Cutting light lengths doesn't speed up flowering, it makes for weaker potency buds.

Here's an idea: run your lights at night (but don't interrupt the dark cycle while you do so).

If you have more than a few plants, or want to continue to grow during warmer weather, an A/C unit would be a cost-effective investment.


----------



## parkingjoe (May 1, 2006)

sir i beg to differ my temps have been 104 recently and growth hasnt stopped .

i now have spider mites though.......

rofl

pkj


----------



## Stoney Bud (May 1, 2006)

[email protected] said:
			
		

> I grow in my shed that has no A/C, But through the process I have managed to keep temps under 85F, But the weather in 5 days is going to change and be over 100F and my shed usually gets 10 degrees hotter, my buds on the plants are all starting to get plump Iam 5 weeks in flower and have started to give them nothing but water ph adjusted to 6.5. the grow is in a rubbermaid container with 350 watts of Fluorescent light ( warm whites) with it getting hotter in a few days is this gonna degrade THC? Should I turn my lights down to 10 hours or less to speed up ripeness to harvest early? Dont want potency to degrade so some input please, theres 2 SOL adv. mix plants and they have been LST'd, about 15% hairs have turned orange (not red). Any help please, thanks.
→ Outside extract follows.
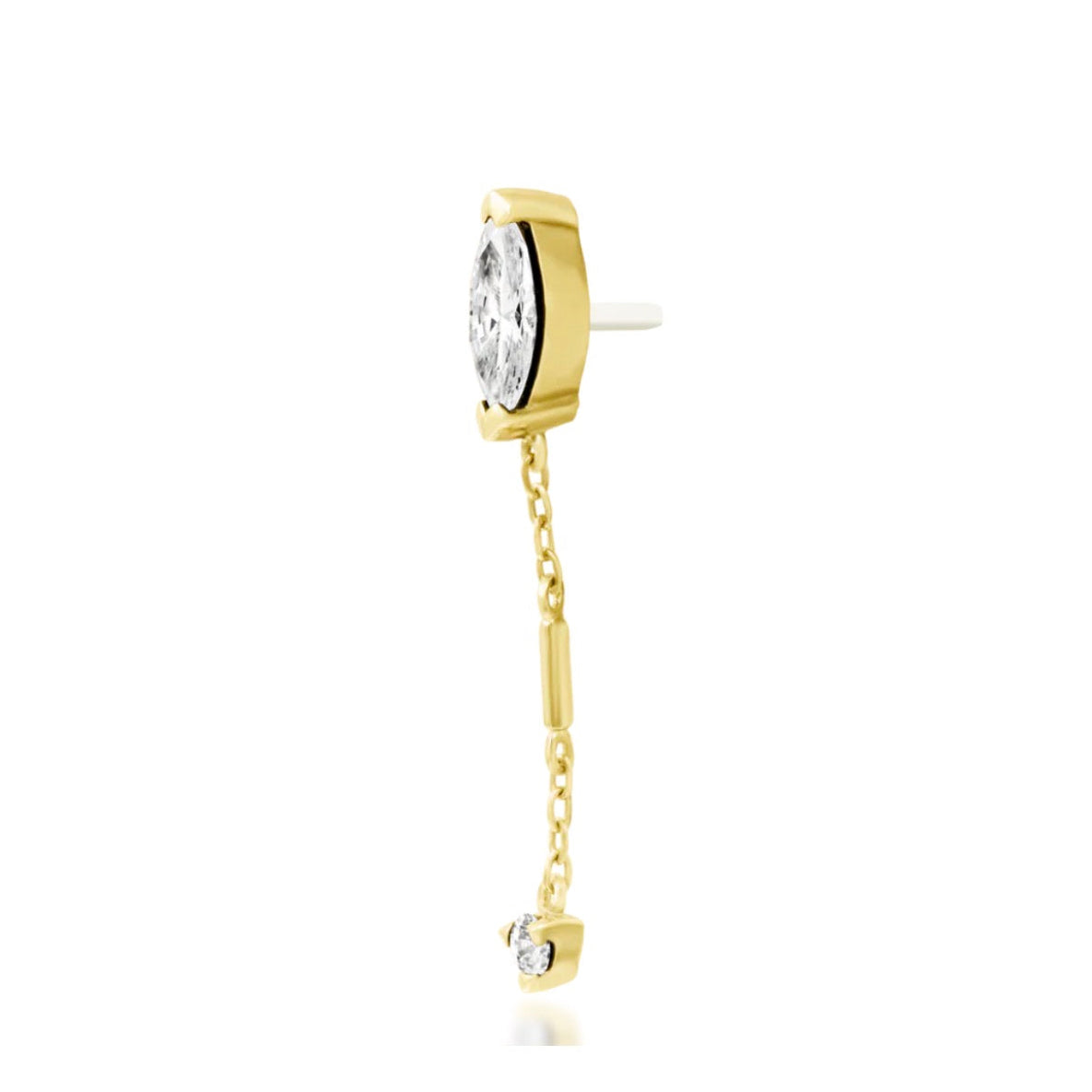 Junipurr Akasha solid 14k yellow gold White CZ chain threadless end, angled view.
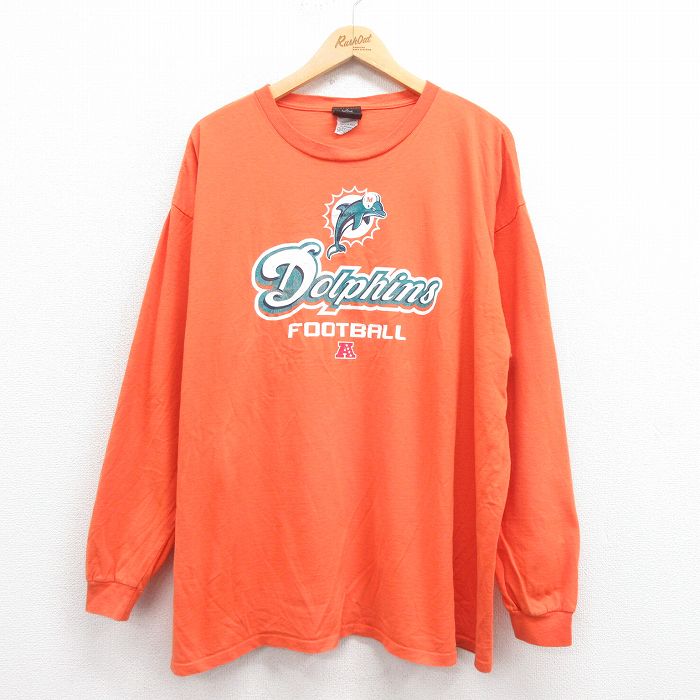 XL★古着 長袖 Tシャツ メンズ NFL マイアミドルフィンズ 大きいサイズ コットン クルーネック オレンジ アメフト スーパーボウル 25aug27 中古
Hey Userypass, good to meetcha man. You're in the right place to learn about growin weed.

Some longtime growers use a misting spray on their sheds in the hottest part of the day. If the shed has good ventilation, the misting should drop the temp about 10 degrees. That is of course unless that would make your shed *to* noticed.

Good luck to you man. Let us know how it works, ok?


----------